Blind Sailing International is an Organisation to support expand and further the opportunities for visually impaired people competing in the sport of sailing.
Blind Sailing International (BSI) does this through:
- Supporting international sailing championships.
- Promoting Visually Impaired sailing activities and achievements.
- Providing an information source.
- Providing an opportunity for Blind and Partially sighted sailors to share their experiences.
- Working with World Sailing and the World Sailing Para World Sailing Committee (formerly the International Federation of Disabled Sailors (IFDS)).
- Working internationally with other sailing Organisations to develop sailing opportunities for visually impaired sailors.
HOW DO BLIND SAILORS RACE?
Visually Impaired Fleet Racing:
Blind Sailing International started a class of Fleet Racing which provided visually impaired sailors with a level playing field. Where lack of sight is no longer a disadvantage. Generally we race on keel boats, anything from 22 ft to 30 ft. racing in teams of four people, two visually impaired and two sighted. The helmsman, who is responsible for the steering, is always visually impaired. The tactician is sighted and not allowed to take part in the physical sailing of the boat. There is a visually impaired crew member and a sighted crew member who take care of the sails and trim of the boat.

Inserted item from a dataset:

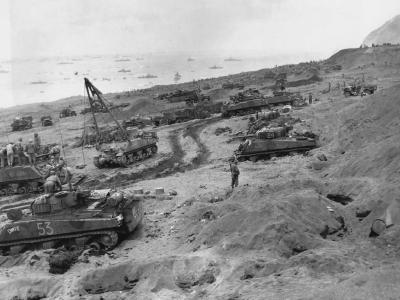 M4 Sherman tanks Equipment for Battle coming ashore Iwo Jima 3 February 1945
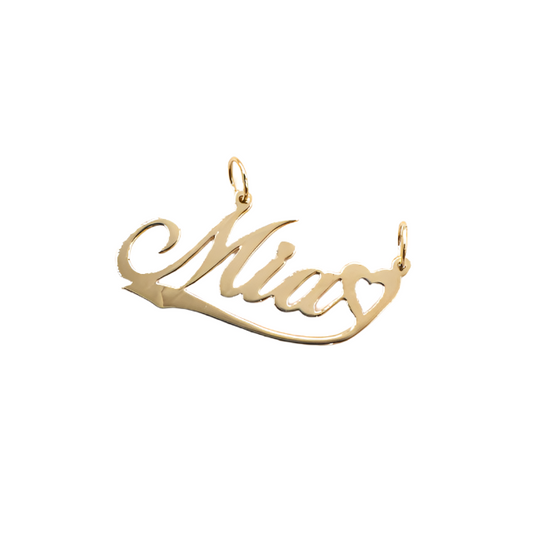 Style ?€?Mia'-10K Gold Single Name Plate with Heart(Diamond Cut) - STF DIAMONDS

Sailing takes place in three fleets which allows for totally blind helms to race against each other, while those with poor partial sight race each other and those with more partial sight to compete against one another. Racing in integrated teams provides the necessary communication between crew members to ensure that competition is as close and tactical as with any other racing fleet. Normal rules of racing apply.
Blind Match Racing:
The Homerus Organisation developed autonomous match racing for blind and partially sighted sailors.
Sailing to match racing rules, Blind and partially sighted sailors race a matched pair of boats around a course of audio sound buoys, using sound and wind to navigate and make all the tactical and sail trim decisions.
VI Sailor Classifications:
Visually Impaired Sailors are classified by strict guidelines into three groups which are effectively in simple terms:
- B1: No functional sight
- B2: Poor partial sight
- B3: No more than 10% functional sight
Although sailing is not currently part of the Paralympic Games, in recent quads the three person Sonar keelboat class and the two person Skud keelboat allowed visually impaired sailors to race as part of mixed disability teams. When sailing re-enters the Paralympics, we look forward to having visually impaired sailors competing.
Main Stream Sailing:
Through team work and good communication, visually impaired sailors enjoy the challenge of main stream racing.